50 g of the composite synthetic resin composition obtained in this example was taken on a glass plate, and it was expanded and verified.
In addition, in the same verification result for the composite synthetic resin composition obtained by mixing only polyester fibers of 1 mm or more in the same manner as in Example 1, the frame gap formed by overlapping the fibers is not adsorbed in the liquid composition According to the verification result that the composite synthetic resin composition obtained in this example was spread on a glass plate, it was filled with resin. Is filled with a liquid synthetic resin adsorbed and polymerized on a silica fiber of length micron.

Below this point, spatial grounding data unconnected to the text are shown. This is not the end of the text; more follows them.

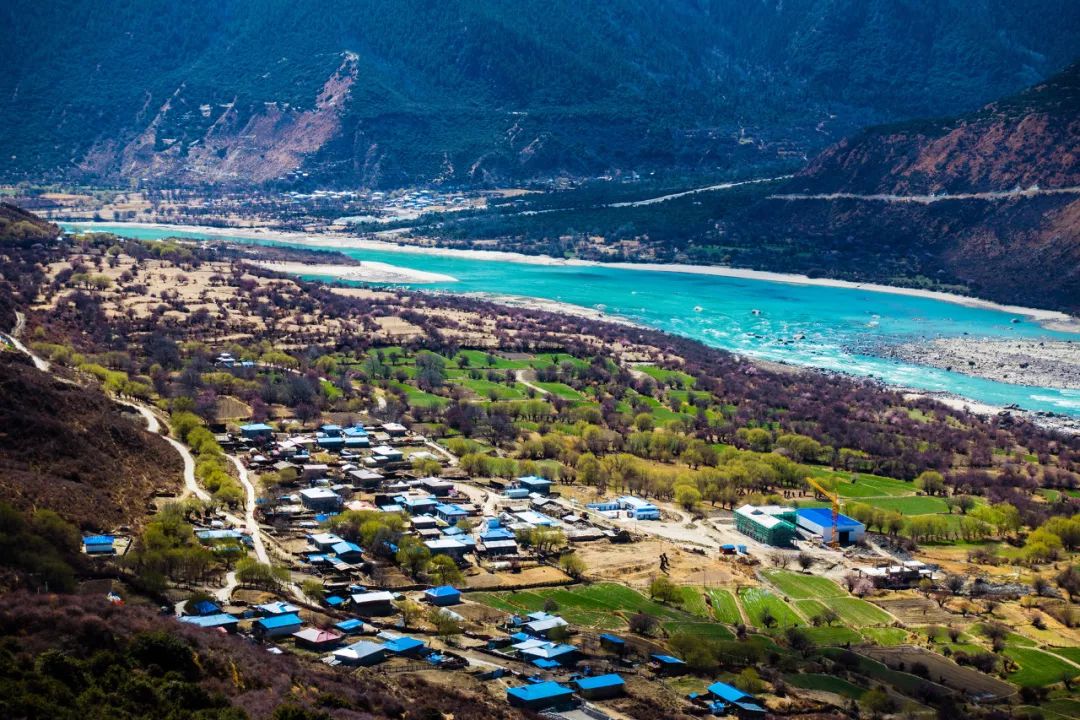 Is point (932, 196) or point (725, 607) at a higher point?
point (932, 196)

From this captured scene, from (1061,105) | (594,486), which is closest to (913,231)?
(1061,105)

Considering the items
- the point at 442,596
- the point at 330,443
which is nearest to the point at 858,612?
the point at 442,596

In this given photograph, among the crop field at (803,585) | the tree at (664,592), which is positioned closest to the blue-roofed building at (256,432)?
the tree at (664,592)

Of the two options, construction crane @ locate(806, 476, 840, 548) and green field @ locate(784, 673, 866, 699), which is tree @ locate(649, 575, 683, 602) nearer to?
green field @ locate(784, 673, 866, 699)

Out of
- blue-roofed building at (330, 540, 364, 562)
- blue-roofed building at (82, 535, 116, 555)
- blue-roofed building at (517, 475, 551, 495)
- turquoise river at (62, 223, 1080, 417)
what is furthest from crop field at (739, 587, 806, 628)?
turquoise river at (62, 223, 1080, 417)

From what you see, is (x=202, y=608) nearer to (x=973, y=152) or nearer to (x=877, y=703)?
(x=877, y=703)

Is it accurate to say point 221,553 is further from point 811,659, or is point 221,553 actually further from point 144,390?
point 144,390

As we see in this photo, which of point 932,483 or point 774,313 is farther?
point 774,313

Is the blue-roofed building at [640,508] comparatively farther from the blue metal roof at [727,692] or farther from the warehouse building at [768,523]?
the blue metal roof at [727,692]
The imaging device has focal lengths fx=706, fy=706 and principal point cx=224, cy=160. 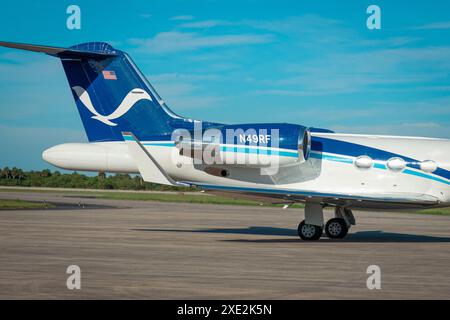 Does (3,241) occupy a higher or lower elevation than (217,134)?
lower

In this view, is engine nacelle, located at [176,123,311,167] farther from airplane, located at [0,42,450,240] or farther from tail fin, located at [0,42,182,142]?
tail fin, located at [0,42,182,142]

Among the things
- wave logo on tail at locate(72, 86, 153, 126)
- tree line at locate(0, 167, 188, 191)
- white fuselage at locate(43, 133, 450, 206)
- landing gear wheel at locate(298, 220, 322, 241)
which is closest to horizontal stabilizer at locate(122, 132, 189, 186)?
white fuselage at locate(43, 133, 450, 206)

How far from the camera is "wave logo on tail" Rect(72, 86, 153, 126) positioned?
78.8 feet

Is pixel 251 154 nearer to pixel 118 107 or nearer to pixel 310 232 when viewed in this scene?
pixel 310 232

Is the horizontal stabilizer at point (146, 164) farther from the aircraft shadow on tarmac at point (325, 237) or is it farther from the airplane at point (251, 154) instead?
the aircraft shadow on tarmac at point (325, 237)

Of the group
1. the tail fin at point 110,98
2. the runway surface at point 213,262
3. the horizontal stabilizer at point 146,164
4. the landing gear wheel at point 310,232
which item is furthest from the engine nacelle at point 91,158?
the landing gear wheel at point 310,232

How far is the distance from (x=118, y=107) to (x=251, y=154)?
5.15 metres

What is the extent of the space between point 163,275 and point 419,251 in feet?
28.2

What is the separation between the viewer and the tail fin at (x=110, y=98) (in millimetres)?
23969

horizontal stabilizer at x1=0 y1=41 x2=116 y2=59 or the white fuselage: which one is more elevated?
horizontal stabilizer at x1=0 y1=41 x2=116 y2=59

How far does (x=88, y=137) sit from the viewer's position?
2423 cm

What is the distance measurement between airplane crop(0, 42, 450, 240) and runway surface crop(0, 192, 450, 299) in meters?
1.45
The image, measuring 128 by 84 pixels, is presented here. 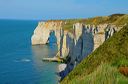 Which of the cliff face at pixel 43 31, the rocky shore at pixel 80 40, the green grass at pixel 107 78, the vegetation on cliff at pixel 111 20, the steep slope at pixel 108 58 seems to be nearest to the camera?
the green grass at pixel 107 78

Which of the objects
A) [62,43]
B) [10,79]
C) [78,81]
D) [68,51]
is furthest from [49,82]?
[78,81]

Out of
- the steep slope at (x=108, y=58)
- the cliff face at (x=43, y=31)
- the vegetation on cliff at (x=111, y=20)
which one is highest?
the steep slope at (x=108, y=58)

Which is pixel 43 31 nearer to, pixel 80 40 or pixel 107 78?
pixel 80 40

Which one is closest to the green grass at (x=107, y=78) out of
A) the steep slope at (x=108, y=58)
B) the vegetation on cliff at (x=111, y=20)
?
the steep slope at (x=108, y=58)

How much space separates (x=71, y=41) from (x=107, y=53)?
2668 inches

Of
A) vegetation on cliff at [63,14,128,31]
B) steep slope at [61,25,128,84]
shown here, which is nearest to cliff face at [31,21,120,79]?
vegetation on cliff at [63,14,128,31]

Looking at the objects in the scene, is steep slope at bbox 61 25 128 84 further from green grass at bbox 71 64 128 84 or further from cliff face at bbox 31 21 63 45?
cliff face at bbox 31 21 63 45

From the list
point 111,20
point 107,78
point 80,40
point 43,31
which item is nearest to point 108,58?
point 107,78

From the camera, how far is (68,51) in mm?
85625

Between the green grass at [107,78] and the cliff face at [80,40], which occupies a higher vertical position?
the green grass at [107,78]

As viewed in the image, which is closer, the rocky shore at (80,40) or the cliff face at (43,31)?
the rocky shore at (80,40)

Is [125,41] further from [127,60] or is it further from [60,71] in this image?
[60,71]

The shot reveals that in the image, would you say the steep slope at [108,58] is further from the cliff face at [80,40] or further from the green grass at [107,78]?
the cliff face at [80,40]

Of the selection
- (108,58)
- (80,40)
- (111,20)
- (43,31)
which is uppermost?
(108,58) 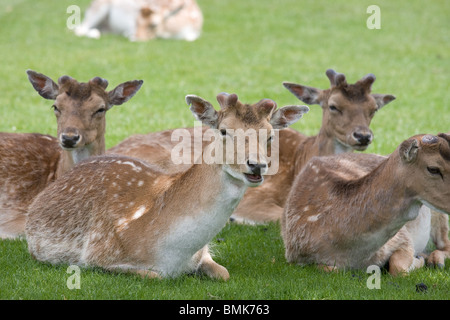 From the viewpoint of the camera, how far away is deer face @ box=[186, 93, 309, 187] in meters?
5.67

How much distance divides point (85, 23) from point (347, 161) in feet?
50.8

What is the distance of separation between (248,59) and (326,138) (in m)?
10.9

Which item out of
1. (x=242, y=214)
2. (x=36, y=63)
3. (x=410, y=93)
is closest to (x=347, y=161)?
(x=242, y=214)

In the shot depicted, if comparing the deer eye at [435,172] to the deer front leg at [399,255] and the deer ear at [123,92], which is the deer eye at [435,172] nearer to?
the deer front leg at [399,255]

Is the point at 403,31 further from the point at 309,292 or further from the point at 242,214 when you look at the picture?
the point at 309,292

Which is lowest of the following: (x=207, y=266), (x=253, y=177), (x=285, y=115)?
(x=207, y=266)

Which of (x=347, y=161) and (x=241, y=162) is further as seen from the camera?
(x=347, y=161)

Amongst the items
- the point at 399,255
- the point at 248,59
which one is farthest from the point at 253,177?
the point at 248,59

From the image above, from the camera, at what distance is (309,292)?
6.11 metres

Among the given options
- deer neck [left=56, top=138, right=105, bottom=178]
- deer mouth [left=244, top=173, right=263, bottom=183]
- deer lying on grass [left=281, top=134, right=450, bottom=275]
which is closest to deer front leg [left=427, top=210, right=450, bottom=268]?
deer lying on grass [left=281, top=134, right=450, bottom=275]

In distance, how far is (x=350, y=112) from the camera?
365 inches

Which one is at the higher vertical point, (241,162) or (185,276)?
(241,162)

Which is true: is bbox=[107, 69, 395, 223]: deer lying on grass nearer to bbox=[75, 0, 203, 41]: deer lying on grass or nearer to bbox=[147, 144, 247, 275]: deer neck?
bbox=[147, 144, 247, 275]: deer neck

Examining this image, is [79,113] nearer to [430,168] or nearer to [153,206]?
[153,206] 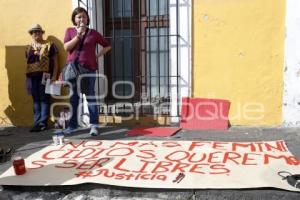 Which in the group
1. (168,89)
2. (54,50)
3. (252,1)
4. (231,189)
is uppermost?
(252,1)

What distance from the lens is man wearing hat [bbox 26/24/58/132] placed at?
657cm

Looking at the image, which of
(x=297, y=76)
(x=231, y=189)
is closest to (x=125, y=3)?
(x=297, y=76)

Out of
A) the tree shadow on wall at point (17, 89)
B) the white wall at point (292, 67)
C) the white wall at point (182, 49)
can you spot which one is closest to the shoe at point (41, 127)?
the tree shadow on wall at point (17, 89)

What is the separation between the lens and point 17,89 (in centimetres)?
709

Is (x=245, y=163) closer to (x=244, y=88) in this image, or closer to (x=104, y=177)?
(x=104, y=177)

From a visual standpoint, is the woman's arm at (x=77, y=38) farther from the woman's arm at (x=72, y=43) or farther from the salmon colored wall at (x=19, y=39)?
the salmon colored wall at (x=19, y=39)

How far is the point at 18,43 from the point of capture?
698 cm

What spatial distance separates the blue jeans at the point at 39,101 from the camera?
668 centimetres

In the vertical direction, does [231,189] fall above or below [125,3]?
below

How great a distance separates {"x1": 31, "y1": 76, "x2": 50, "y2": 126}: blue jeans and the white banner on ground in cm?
140

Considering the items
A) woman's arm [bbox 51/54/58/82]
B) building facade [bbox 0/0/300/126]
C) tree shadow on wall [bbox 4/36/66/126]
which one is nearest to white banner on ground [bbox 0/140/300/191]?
building facade [bbox 0/0/300/126]

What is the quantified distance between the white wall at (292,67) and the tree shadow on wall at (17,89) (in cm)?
432

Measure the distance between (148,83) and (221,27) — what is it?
1.63 metres

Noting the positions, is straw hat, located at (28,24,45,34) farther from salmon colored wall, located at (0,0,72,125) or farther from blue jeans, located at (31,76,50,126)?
blue jeans, located at (31,76,50,126) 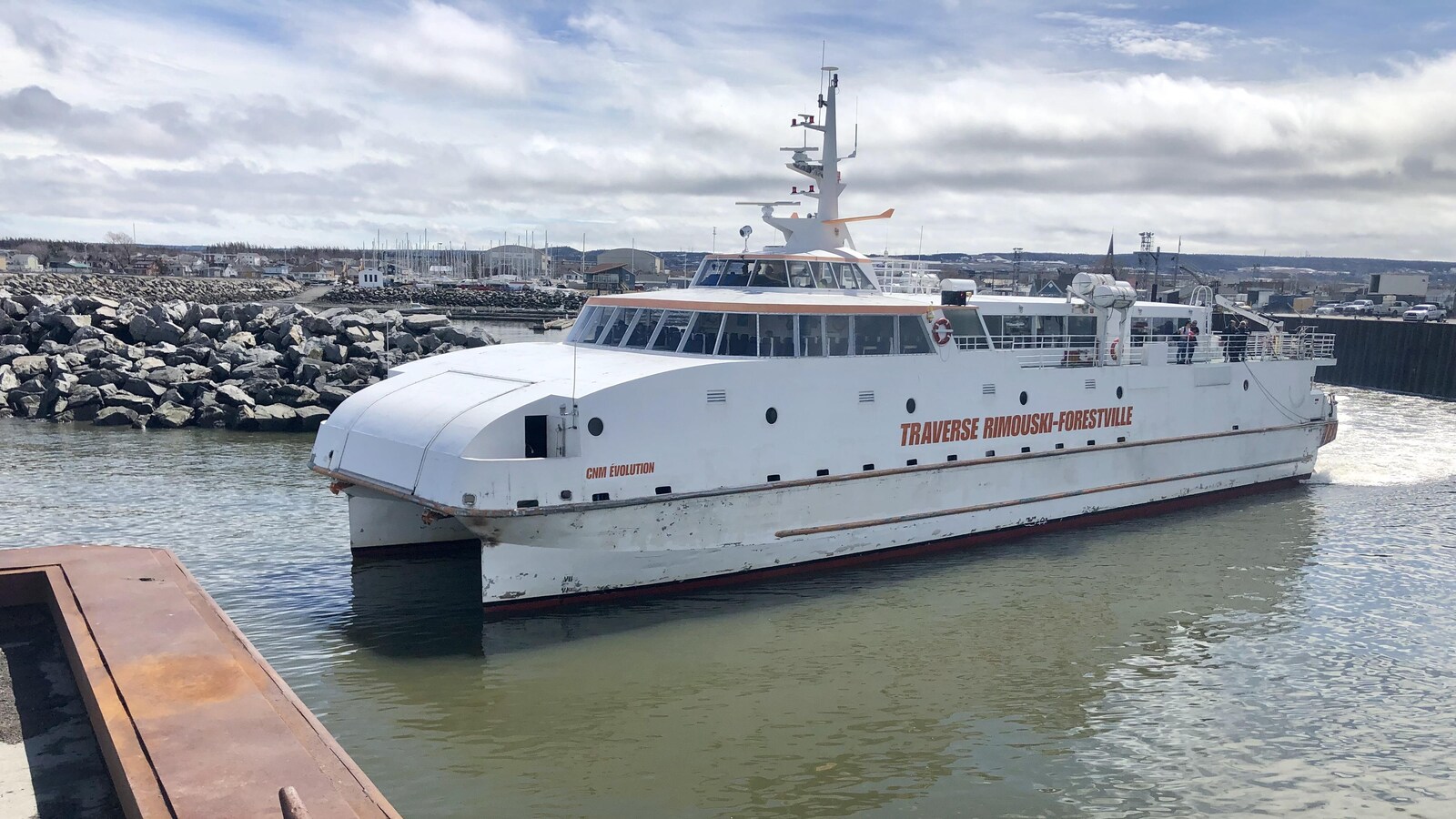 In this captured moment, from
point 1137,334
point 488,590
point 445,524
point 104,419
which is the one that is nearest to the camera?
point 488,590

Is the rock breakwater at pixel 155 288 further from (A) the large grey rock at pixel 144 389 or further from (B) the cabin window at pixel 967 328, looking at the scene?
(B) the cabin window at pixel 967 328

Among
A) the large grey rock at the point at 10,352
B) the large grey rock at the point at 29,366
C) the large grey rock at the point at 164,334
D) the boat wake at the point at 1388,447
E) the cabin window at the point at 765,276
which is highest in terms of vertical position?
the cabin window at the point at 765,276

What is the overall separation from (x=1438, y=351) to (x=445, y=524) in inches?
1522

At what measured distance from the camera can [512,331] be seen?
5375 cm

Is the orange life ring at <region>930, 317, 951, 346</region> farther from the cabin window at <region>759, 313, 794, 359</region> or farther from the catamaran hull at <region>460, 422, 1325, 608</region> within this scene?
the cabin window at <region>759, 313, 794, 359</region>

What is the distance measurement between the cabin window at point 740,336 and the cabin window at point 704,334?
109 mm

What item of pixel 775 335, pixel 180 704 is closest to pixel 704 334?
pixel 775 335

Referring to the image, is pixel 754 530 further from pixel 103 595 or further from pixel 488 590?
pixel 103 595

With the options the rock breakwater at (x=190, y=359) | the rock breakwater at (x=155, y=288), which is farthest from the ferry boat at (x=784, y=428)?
the rock breakwater at (x=155, y=288)

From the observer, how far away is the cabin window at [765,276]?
52.8 ft

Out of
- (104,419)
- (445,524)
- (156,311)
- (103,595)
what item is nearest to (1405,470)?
(445,524)

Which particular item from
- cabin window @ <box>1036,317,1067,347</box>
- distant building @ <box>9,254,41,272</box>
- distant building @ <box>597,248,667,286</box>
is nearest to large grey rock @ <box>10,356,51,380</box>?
cabin window @ <box>1036,317,1067,347</box>

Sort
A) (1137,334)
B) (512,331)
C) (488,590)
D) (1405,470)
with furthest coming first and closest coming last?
(512,331) < (1405,470) < (1137,334) < (488,590)

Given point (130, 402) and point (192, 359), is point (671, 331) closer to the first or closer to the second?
point (130, 402) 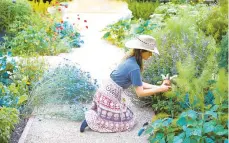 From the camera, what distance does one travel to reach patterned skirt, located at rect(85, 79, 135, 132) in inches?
189

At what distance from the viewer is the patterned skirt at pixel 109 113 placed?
4793 millimetres

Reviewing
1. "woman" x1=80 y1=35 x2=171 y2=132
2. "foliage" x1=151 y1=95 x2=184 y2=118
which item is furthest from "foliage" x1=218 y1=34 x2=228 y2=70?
"woman" x1=80 y1=35 x2=171 y2=132

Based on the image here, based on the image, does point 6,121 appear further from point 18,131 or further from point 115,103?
point 115,103

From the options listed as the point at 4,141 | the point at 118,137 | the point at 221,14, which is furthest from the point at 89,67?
the point at 4,141

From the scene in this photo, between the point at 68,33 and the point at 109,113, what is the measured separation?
14.9 feet

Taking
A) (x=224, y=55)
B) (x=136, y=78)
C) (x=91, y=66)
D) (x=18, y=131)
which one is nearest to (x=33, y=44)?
(x=91, y=66)

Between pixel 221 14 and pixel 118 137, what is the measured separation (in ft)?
9.24

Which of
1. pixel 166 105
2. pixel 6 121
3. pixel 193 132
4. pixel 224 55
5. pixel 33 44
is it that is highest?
pixel 224 55

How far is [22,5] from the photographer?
9.45 m

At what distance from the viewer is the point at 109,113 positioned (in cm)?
482

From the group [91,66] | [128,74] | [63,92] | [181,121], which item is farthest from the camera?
[91,66]

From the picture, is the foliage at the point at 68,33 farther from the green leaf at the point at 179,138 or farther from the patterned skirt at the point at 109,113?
the green leaf at the point at 179,138

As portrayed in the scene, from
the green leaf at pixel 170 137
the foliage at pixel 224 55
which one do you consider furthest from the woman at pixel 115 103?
the green leaf at pixel 170 137

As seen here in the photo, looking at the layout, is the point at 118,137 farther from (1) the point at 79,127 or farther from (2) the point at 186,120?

That is, in the frame gap formed by overlapping fibers having a length of mm, fine pores that allow water to permeate while appropriately retaining water are formed by fibers having a length of micron that are adsorbed and polymerized on the liquid synthetic resin. Therefore, according to this invention, it is possible to form a so-called permeable and water retentive body having both water permeable and water retentive properties that can be used in various fields.
[Example 2]
3 kg of the composite synthetic resin composition obtained in Example 1 and 64 kg of flaky waste tire pieces were equally divided into two flat mixers and mixed together for 2 minutes, and 600 g of curing agent was added thereto. Mix for 3 minutes to obtain a total of 68.2 kg waste tire mixed material, lay it evenly on a 1 m x 1 m x 30 mm roadbed prepared in advance, and roll it for 2 minutes with a 1 ton steel wheel roller for paving did. Further, 20.8 kg of the waste tire mixed material was packed in five 300 mm × 300 mm × 50 mm molds, and each plate was statically compressed with a 10 ton hydraulic machine for 3 minutes to obtain five flat plates.
[Example 3]
4.5 kg of the composite synthetic resin composition obtained in Example 1 and 75 kg of sludge with a water content of 50% are divided into equal amounts and placed in two flat mixers, mixed for 4 minutes, and each cured by 900 g. A total of 81.3 Kg of sludge mixed material was obtained, and 56.3 Kg of the mixed material was uniformly laid on a 1 m × 1 m × 50 mm roadbed, and this was added to a 1 ton iron wheel. Rolled down with a roller for 3 minutes to dress. Further, 25 kg of the sludge mixed material was packed in five 300 mm × 300 mm × 50 mm molds, and this was statically compressed for 3 minutes with a 10 ton hydraulic machine to form a flat plate.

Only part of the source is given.